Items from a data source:
────

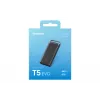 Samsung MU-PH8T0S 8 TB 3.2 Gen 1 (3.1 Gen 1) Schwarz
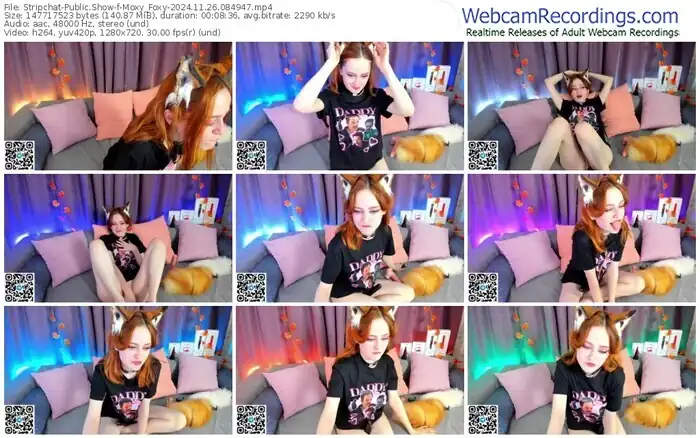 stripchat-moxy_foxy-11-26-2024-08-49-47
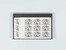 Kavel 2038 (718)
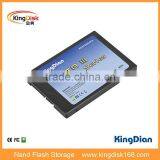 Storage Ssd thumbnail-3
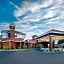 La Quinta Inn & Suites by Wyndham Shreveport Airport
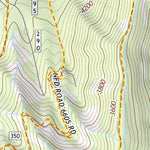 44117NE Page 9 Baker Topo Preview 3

────

Return only the line with "stripchat-moxy_foxy-11-26-2024-08-49-47" and the lines after it up to the end of the records, exact and free of pictures.

 stripchat-moxy_foxy-11-26-2024-08-49-47
 Kavel 2038 (718)
 Storage Ssd thumbnail-3
 La Quinta Inn & Suites by Wyndham Shreveport Airport
 44117NE Page 9 Baker Topo Preview 3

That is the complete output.